Partial answer 1: Here is a funny positive answer for "groups of pinched exponential growth". Let $B(n)$ be the ball of radius $n$ and $b_n = |B(n)|$. Let $S(n) = B(n) \setminus B(n-1)$ (with $S(0) = \lbrace e_G \rbrace$) be the spheres and $s_n = |S(n)|$.

Say a group has pinched exponential growth if there [is a generating set and there] are constants $K<L \in\mathbb{R}$ and $M \in \mathbb{R}$ so that $K \mathrm{exp}(Mn) \leq b_n \leq L \mathrm{exp}(Mn)$.

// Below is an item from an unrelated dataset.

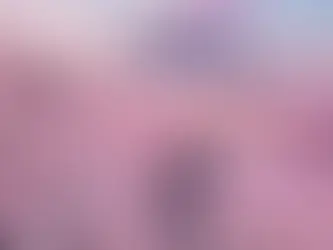 La floraison des cerisiers du Japon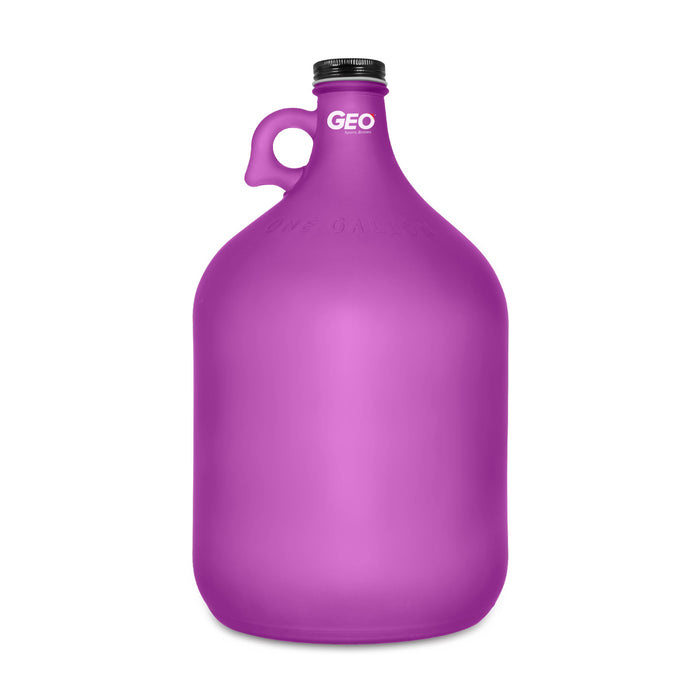 Geo 1 Gallon Frosted Glass Bottles (4-Pack)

Let $g = \lim_n b_n^{1/n} = \inf_n b_n^{1/n}$. Now, note there are infinitely many $n_i$ so that, for $n \leq n_i$, $s_{n_i} \geq s_n$ (otherwise $s_n$ is bounded and $b_n$ grows at most linearly). Clearly, $s_{n_i} \leq b_{n_i} \leq (n_i+1) s_{n_i}$, so $$ g = \liminf b_{n_i}^{1/n_i} \geq \liminf_i s_{n_i}^{1/n_i}. $$ But $b_n \leq \sum_{j=0}^n s_j$ so $$g = \liminf_i b_{n_i}^{1/n_i} \leq \liminf (n_i+1)^{1/n_i} s_{n_i}^{1/n_i} = \liminf |S(n_i)|^{1/n_i}. $$ Thus far we have $$g = \liminf |S(n_i)|^{1/n_i}.$$ However, $n \mapsto s_n$ is also sub-multiplicative, i.e. $s_{n+m} \leq s_n s_m$. Hence $$g = \lim_n s_n^{1/n} = \inf_n s_n^{1/n}.$$ The equality with the $\inf$ implies $s_n/g^n \geq 1$.

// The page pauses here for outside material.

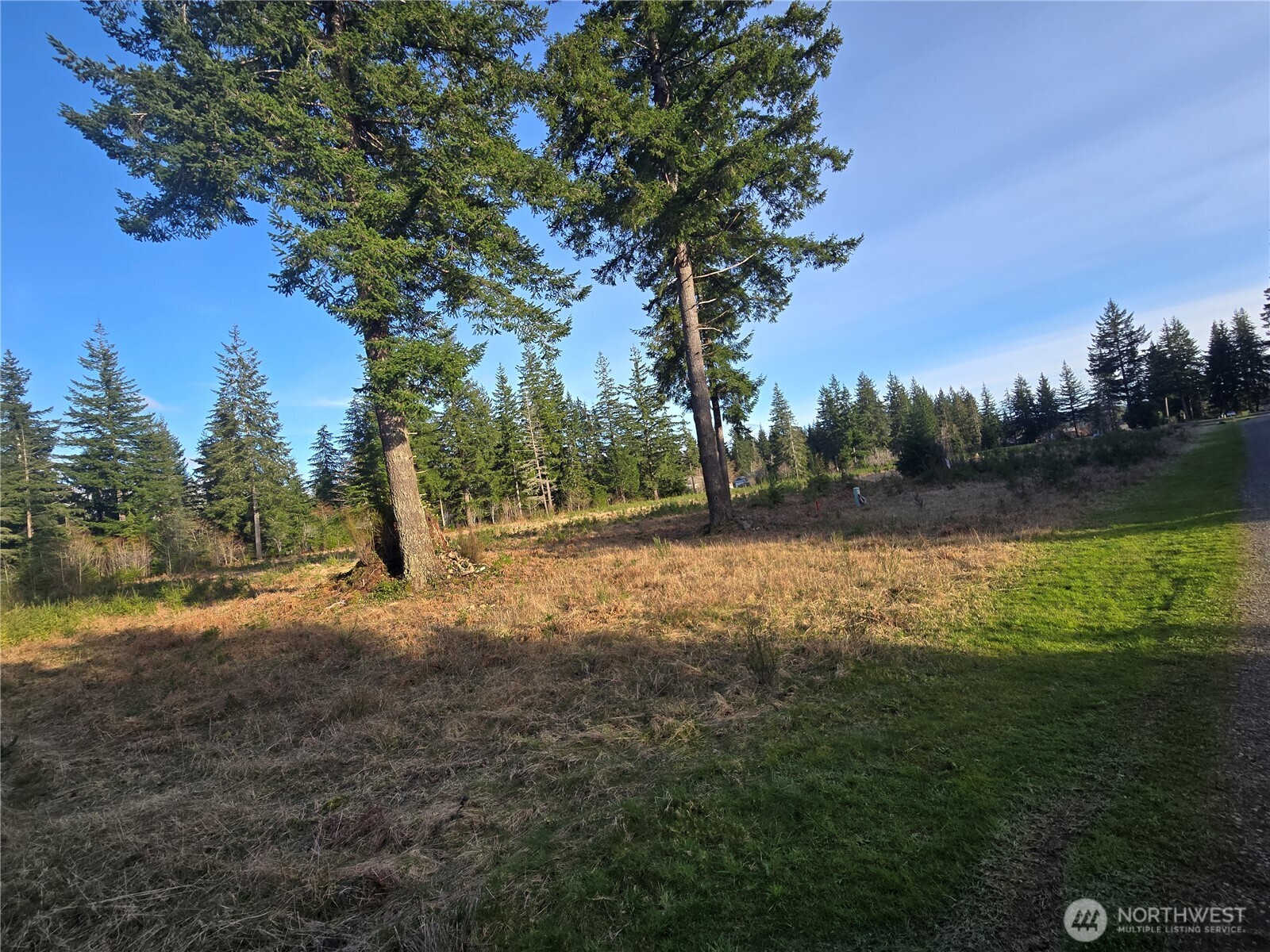 9999 Sawyer Way , Forks, WA 98331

Next note that pinched exponential growth is equivalent to $\limsup b_n/g^n = L < \infty$ (for some $L$). Putting this together $$ \begin{array}{rll} \displaystyle \liminf \frac{s_{n+1}}{b_n} & \displaystyle = g \liminf \frac{s_{n+1}}{g^{n+1}} \cdot \frac{g^n}{b_n} \\ & \displaystyle \geq g \liminf \frac{s_{n+1}}{g^{n+1}} \bigg( \limsup \frac{b_n}{g^n} \bigg)^{-1} & \displaystyle \geq g /L \end{array} $$ This implies that $$ \frac{ |B(n+1)|}{|B(n)|} \geq 1 + \frac{g}{L} $$ as desired.

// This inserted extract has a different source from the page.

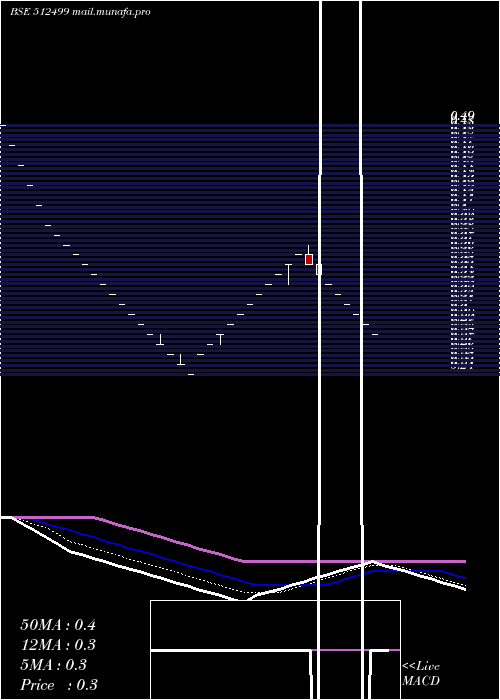  Daily chart ShalimarPro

2 remarks on pinched exponential growth:

1- the property depends on the generating set. If $(G,S)$ has pinched exponential growth. Then $G \times \mathbb{Z}$ with "summed" generating set $\lbrace (s,0) \mid s \in S \rbrace \cup \lbrace (e_G,\pm 1) \rbrace$ has also pincehd exponential growth. With the "product" generating set $\lbrace (s,\epsilon) \mid s \in S , \epsilon = \pm 1 \rbrace$ it does not have pinched growth. Also, $G \times G$ with the product generating set has pinched exponential growth, but with the summed generating set it does not.

2- with the usual generating sets, solvable BS and some lamplighters groups have pinched exponential growth (this can be seen on their growth series, see below).

The question is open, it seems however that the answer is widely believed to be "no". For example, this is claimed in [de la Harpe, Topics in geometric group theory] see section VII.C on page 205. The proof is not included in the book but a reference to a paper is given. However, this reference only shows that if there is a subsequence $\lbrace n_i \rbrace$ so that the $B_{n_i}$ is a Folner sequence, then the integers $\lbrace n_i \rbrace$ have density $0$.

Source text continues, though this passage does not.